Bisher ist es lediglich bekannt, aus hohlen T-Profilen bestehende Träger für Unterdeckenplatten zu einem gitterförmigen Tragrost zusammenzusetzen, wobei die einzelnen Gitterfelder die Unterdeckenplatten aufnehmen. Bei dieser bekannten Decke werden die Längsträger mit ihren Enden aufgelegt und durch die Quersprossen zu dem Gitter verbunden. Bei aufhängbaren Zwischendecken, die aus an der tragenden Decke aufgehängten Trägern und Unterdeckenplatten bestehen, werden bisher ein anderes Profil aufweisende Träger verwendet.
Die Erfindung betrifft einen Träger der eingangs genannten Art und besteht im wesentlichen darin, dass der Träger zur Auflagerung der Unterdeckenplatten horizontal verlaufende, über den Flansch des hohlen T-Profiles vorspringende Tragflansche aufweist.
Die erfindungsgemäss vorgesehenen Tragflansche stehen bei fertig montierter Decke mit den Unterdeckenplatten in tragendem Eingriff. Erfindungsgemässe Träger werden vorzugsweise bei aufgehängten Zwischendecken verwendet. Die Aufhängung kann mit Hilfe von in die Höhlung des T-Profiles eingreifenden Bolzen, deren Köpfe im hohlen Flansch zu liegen kommen, erfolgen.
Nach einer weiteren Ausgestaltung der Erfindung weist der Träger ein aus Metall gefertigtes Hohlprofil mit T-förmigem Querschnitt und einen den Flansch dieses Profiles eng umschliessenden gegossenen oder gespritzten Kunststoffhohlkörper auf, der mit den von den Stegwänden des Hohlprofiles ausgehenden, nach entgegengesetzten Seiten weisenden horizontalen Tragflanschen versehen ist.

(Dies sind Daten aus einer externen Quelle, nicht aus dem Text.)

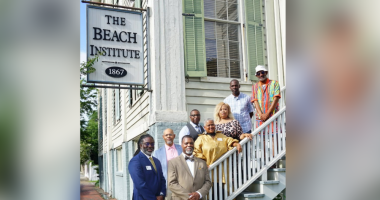 King-Tisdell Cottage Foundation holds new board member reception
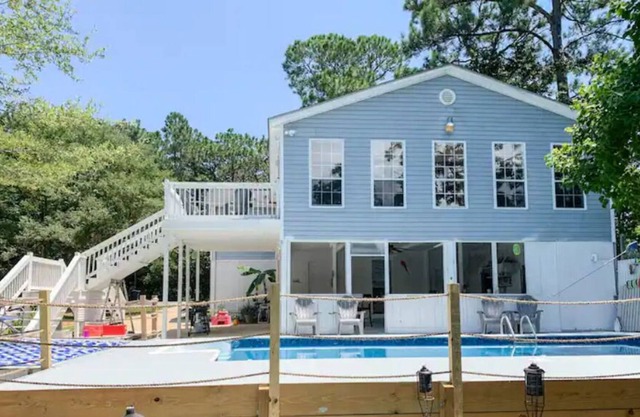 Relaxing 3BR 2BA Waterfront Getaway with Pool & Fishing Pier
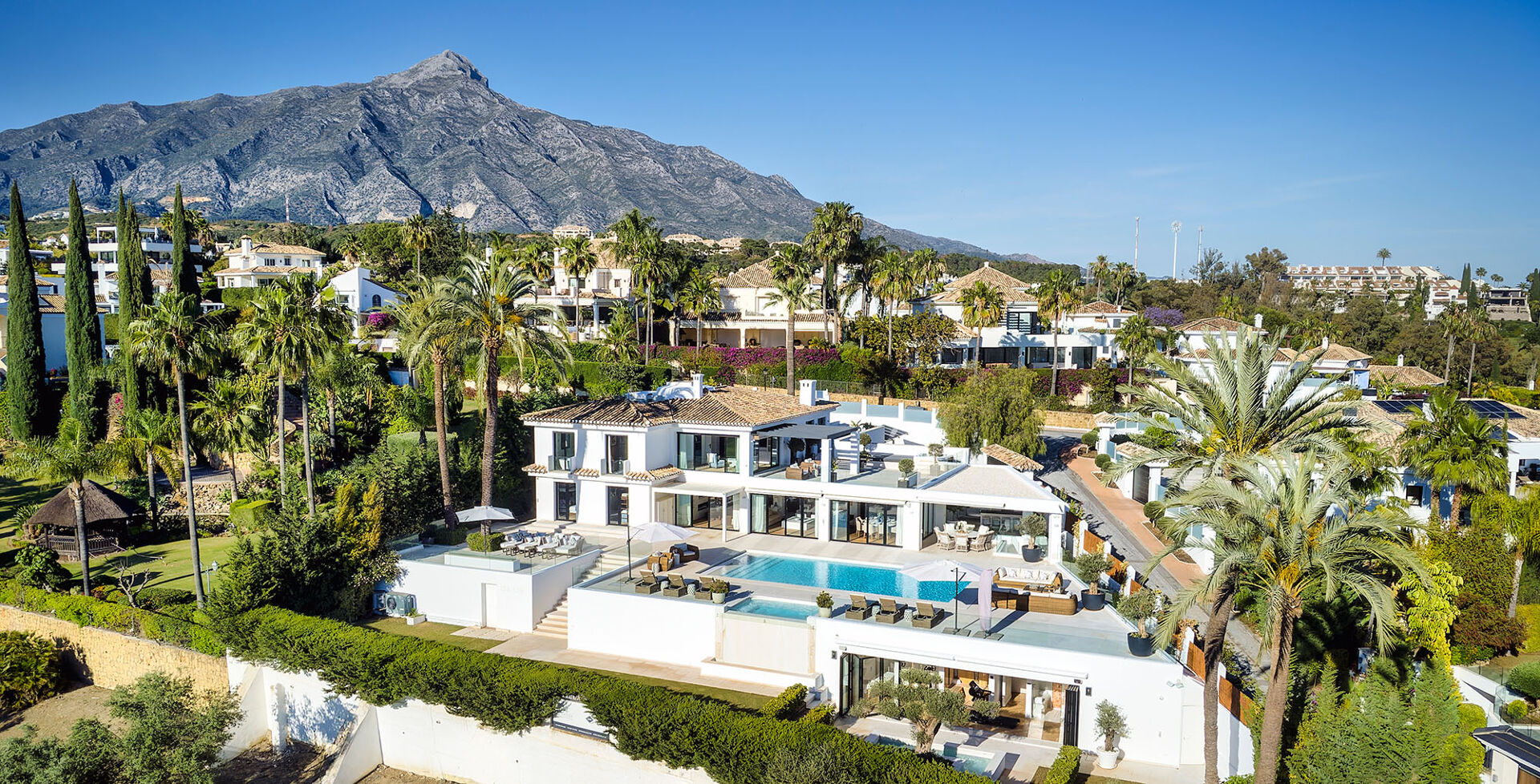 �鶹��Ƶ Brokers listing Villa Elba, located frontline to Los Naranjos Golf course in Nueva Andalucía 
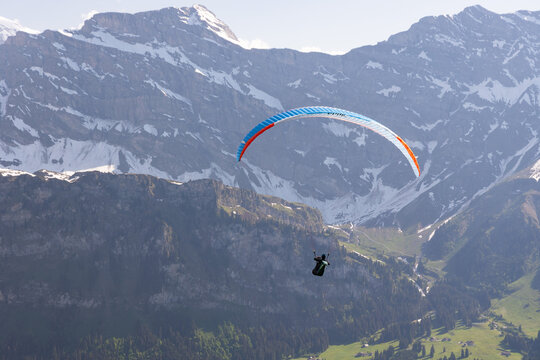 Paraglider &uuml;ber Engelberg, Schweiz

In den Zeichnungen ist derr Erfindungsgegenstand beispielsweise veranschaulicht. Es zeigen Fig. l einen Teil einer unter Verwendung erfindungsgemässer Träger hergestellten Zwischendecke im Schaubild, Fig. 2 und 3 zwei zu einem Träger zusammensetzbare Teile vor bzw. nach dem Zusammensetzen im Schaubild, Fig. 4 eine Eckverbindung zweier Träger in Draufsicht, Fig. 5 eine Kreuzverbindung von Trägern in Draufsicht, Fig. 6 einen bei der Kreuzverbindung nach Fig. 5 verwendbaren Querträger im Schaubild, Fig. 7 einen weiteren Träger im Schaubild und Fig. 8 einen bei einem Träger nach Fig. 7 verwendbaren Querträger im Schaubild.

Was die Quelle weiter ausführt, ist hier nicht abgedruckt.